Для православных духовно-политический архетип восходит непосредственно ко Христу, соединившему в себе чины священника и царя. Здесь очень важно отметить, что в земном пути Христа, в его образе отразился перелом духовного зрения от “Царства Божия на земле” к “царству блаженных”, от ветхозаветной мечты о царстве Мошиаха к христианской Церкви – историчной и страждущей на земле. Духовно-политический образ, завещанный Христом, парадоксален. С одной стороны, Церковь называет Его “священником по чину Мелхиседека”, таинственного царя-священника, которому поклонился Авраам. С другой стороны, Христос, наглядно проявивший свое “священство”, основавший Церковь, отодвинул в отдаленную перспективу свое “царство”, земную политическую проекцию “Мелхиседекова чина”.
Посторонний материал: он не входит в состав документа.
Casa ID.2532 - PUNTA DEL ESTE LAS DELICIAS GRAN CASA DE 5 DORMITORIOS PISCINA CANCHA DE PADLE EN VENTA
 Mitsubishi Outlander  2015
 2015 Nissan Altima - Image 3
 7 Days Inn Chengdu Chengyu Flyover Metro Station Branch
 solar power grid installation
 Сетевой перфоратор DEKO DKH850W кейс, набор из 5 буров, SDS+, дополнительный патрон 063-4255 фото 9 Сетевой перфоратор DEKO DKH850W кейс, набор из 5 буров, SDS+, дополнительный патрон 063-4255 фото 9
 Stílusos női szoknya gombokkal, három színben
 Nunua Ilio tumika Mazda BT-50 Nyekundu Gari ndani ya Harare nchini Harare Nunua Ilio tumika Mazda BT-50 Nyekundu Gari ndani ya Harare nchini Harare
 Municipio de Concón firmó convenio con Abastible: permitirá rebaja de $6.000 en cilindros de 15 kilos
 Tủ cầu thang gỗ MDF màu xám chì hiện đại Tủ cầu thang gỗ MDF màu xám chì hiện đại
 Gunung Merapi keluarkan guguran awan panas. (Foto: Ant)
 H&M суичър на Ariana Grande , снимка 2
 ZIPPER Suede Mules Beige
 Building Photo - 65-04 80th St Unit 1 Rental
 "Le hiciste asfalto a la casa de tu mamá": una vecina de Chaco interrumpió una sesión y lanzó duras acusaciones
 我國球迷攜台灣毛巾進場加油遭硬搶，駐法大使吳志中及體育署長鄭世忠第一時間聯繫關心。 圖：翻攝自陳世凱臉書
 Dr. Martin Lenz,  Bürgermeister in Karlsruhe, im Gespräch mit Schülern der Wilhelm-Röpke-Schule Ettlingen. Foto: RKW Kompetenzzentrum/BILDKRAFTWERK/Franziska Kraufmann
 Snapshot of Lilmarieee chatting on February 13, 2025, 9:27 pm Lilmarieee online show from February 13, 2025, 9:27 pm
Этим для нас вновь подчеркивается значение земной относительности политической составляющей внутри духовно-политического идеала, ее историчности, даже как будто зыбкости. Но в то же время, несмотря на зыбкость, эта политическая составляющая никуда не испаряется, она присутствует в Священной истории и действует даже вопреки конкретным государственным и национальным формам. В данном случае речь шла о Римском государстве, которое три столетия после Вознесения Христа и рождения Церкви оставалось еще языческим. Христос протянул нить духовно-политического синтеза через три века, когда в 330 году н. э. император Константин перенес столицу державы в Константинополь, Второй Рим, город первого христианского государя и государства. “Чин Мелхиседека” в этот момент получил свое полное осуществление в Священной истории, вновь соединив в одно целое прообразы “священника” и “царя”. Не случайно трон императора Восточного Рима состоял из двух частей – на левой сидел государь, а на правой лежал крест, означающий, что здесь должен сидеть Иисус Христос – подлинный Царь Мира.